Brief descriptive captions:
• • •

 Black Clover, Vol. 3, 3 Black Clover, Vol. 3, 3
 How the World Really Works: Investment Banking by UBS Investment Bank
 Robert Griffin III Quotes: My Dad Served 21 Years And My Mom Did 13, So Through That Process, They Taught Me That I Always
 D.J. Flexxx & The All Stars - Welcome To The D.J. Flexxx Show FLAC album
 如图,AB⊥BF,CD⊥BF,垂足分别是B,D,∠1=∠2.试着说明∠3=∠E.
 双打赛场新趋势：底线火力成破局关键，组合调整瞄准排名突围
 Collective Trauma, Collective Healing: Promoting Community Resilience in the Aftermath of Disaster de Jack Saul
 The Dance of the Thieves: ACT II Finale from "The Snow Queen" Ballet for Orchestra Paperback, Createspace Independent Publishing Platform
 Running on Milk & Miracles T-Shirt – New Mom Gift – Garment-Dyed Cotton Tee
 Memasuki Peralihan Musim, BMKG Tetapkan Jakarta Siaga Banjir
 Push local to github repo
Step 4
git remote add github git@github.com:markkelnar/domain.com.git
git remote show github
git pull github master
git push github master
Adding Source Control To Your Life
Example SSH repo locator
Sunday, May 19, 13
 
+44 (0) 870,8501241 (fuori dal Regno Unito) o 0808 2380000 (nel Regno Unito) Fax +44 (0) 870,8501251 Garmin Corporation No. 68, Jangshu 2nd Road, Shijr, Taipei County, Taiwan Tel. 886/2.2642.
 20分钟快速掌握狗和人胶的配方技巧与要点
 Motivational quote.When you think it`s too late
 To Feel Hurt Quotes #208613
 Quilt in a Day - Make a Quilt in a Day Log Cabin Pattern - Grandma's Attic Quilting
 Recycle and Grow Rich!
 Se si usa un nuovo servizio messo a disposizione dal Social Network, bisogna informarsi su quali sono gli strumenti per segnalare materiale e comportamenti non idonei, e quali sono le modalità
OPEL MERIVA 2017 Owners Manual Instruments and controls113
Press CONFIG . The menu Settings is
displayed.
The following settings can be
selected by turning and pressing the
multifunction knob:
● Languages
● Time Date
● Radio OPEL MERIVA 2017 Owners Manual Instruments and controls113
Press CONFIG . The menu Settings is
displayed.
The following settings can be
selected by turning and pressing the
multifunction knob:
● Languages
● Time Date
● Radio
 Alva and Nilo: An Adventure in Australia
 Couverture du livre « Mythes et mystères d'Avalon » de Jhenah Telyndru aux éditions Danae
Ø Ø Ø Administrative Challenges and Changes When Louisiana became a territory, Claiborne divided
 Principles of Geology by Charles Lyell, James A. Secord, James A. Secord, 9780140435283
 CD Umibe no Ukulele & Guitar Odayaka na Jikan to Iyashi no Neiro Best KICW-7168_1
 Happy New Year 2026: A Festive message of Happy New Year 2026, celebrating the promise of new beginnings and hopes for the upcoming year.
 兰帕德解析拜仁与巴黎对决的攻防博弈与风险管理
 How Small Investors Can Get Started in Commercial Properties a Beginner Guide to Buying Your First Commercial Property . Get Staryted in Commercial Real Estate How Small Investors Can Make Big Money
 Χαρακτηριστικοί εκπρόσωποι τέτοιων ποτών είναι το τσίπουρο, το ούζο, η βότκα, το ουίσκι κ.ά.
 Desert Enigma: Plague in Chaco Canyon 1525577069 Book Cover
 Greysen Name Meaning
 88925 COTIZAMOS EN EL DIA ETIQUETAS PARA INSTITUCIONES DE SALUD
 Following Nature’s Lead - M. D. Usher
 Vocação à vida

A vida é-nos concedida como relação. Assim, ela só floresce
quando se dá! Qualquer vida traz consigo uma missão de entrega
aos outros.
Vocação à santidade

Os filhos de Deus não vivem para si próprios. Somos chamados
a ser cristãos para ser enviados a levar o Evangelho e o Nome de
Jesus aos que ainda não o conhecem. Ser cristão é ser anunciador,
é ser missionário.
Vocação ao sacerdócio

• • •

Exercise description:
For the records above, state the number of lines that contain "OPEL", and provide nothing further.

Answer box:
2